Diharamkan atas kamu (mengawini) ibu-ibumu; anak-anakmu yang perempuan;
saudara-saudaramu yang perempuan, saudara-saudara bapakmu yang
perempuan; saudara-saudara ibumu yang perempuan; anak-anak perempuan
dari saudara-saudaramu yang laki-laki; anak-anak perempuan dari
saudara-saudaramu yang perempuan; ibu-ibumu yang menyusui kamu; saudara
perempuan sepersusuan; ibu-ibu isterimu (mertua); anak-anak isterimu
yang dalam pemeliharaanmu dari isteri yang telah kamu campuri, tetapi
jika kamu belum campur dengan isterimu itu (dan sudah kamu ceraikan),
maka tidak berdosa kamu mengawininya; (dan diharamkan bagimu)

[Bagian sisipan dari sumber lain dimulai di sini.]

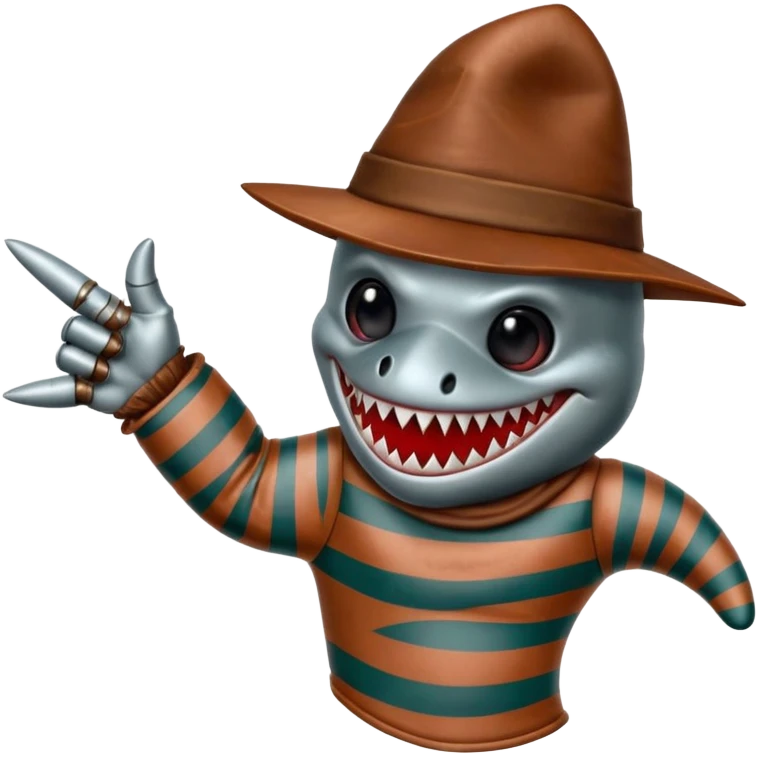 Freddy Krueger shark finger glove emoji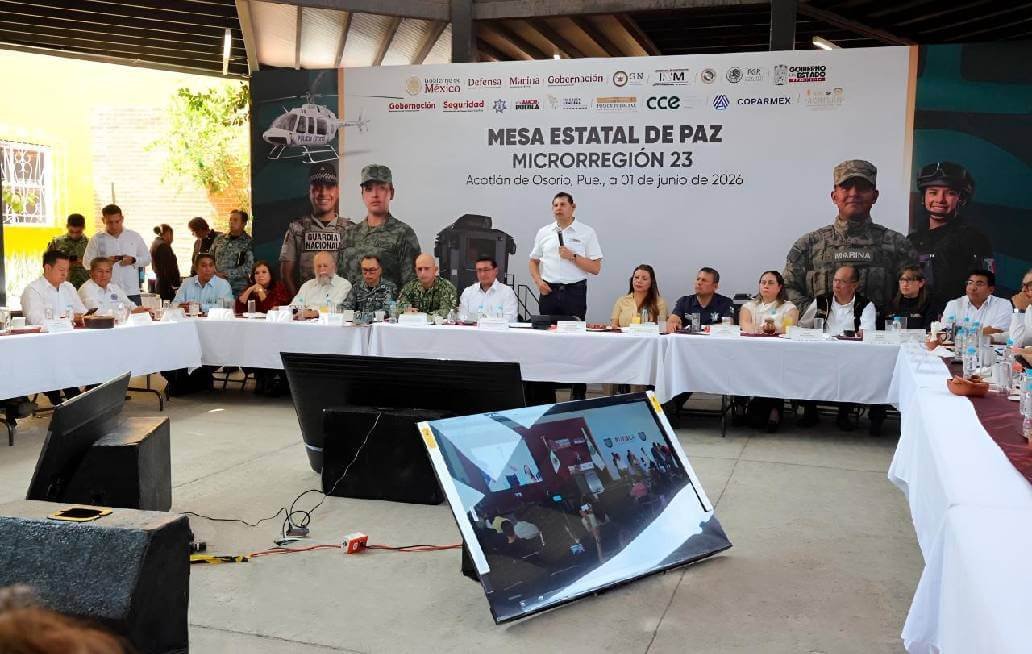 Encabeza Armenta la Mesa Estatal de Paz en Acatlán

isteri-isteri anak kandungmu (menantu); dan menghimpunkan (dalam
perkawinan) dua perempuan yang bersaudara, kecuali yang telah terjadi
pada masa lampau; sesungguhnya Allah Maha Pengampun lagi Maha
Penyayang. Dan (diharamkan juga kamu mengawini) wanita yang bersuami,
kecuali budak-budak yang kamu miliki (Allah telah menetapkan hukum itu)
sebagai ketetapan-Nya atas kamu. Dan dihalalkan bagi kamu selain yang
demikian (yaitu) mencari isteri-isteri dengan hartamu untuk dikawini
bukan untuk berzina.” (QS. An Nisa’: 22-24)

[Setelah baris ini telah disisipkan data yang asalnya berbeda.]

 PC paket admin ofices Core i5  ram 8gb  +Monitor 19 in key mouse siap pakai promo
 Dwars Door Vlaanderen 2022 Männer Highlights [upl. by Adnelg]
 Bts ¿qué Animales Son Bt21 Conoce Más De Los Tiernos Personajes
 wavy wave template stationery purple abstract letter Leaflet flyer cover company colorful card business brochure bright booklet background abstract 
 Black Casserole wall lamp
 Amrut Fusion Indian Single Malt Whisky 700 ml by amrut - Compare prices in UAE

Mahrom di sini terbagi menjadi dua macam: [1] Mahrom muabbad, artinya tidak boleh dinikahi selamanya; dan [2] Mahrom muaqqot,
artinya tidak boleh dinikahi pada kondisi tertentu saja dan jika
kondisi ini hilang maka menjadi halal. Berikut kami rinci secara
ringkas.
Mahrom Muabbad
Mahrom muabbad dibagi menjadi tiga: [1] Karena nasab, [2] Karena ikatan perkawinan (mushoharoh), [3] Karena persusuan (rodho’ah).

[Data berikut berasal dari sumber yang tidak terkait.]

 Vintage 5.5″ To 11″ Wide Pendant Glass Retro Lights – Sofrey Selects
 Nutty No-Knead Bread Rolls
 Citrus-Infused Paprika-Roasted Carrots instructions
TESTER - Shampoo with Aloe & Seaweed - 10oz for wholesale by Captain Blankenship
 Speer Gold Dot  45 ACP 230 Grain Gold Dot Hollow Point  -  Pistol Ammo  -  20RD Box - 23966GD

[1] Mahrom muabbad karena nasab ada tujuh wanita:
Pertama: Ibu.
Yang termasuk di sini adalah ibu kandungnya, ibu dari ayahnya, dan neneknya (dari jalan laki-laki atau perempuan) ke atas.
Kedua: Anak perempuan.
Yang termasuk di sini adalah anak perempuannya, cucu perempuannya dan terus ke bawah.
Ketiga: Saudara perempuan.
Keempat: Bibi dari jalur ayah (‘ammaat)
Yang
dimaksud di sini adalah saudara perempuan dari ayahnya ke atas.
Termasuk di dalamnya adalah bibi dari ayahnya atau bibi dari ibunya.
Kelima: Bibi dari jalur ibu (khollaat)
Yang dimaksud di sini adalah saudara perempuan dari ibu ke atas. Termasuk di dalamnya adalah saudara perempuan dari ibu ayahnya.
Keenam dan ketujuh: Anak perempuan dari saudara laki-laki dan saudara perempuan (keponakan).
Yang dimaksud di sini adalah anak perempuan dari saudara laki-laki atau saudara perempuannya, dan ini terus ke bawah.
[2] Mahrom muabbad karena ikatan perkawinan (mushoro’ah) ada empat wanita:
Pertama: Istri dari ayah.
Kedua:
Ibu dari istri (ibu mertua). Ibu mertua ini menjadi mahrom selamanya
(muabbad) dengan hanya sekedar akad nikah dengan anaknya (tanpa mesti
anaknya disetubuhi), menurut mayoritas ulama. Yang termasuk di dalamnya
adalah ibu dari ibu mertua dan ibu dari ayah mertua.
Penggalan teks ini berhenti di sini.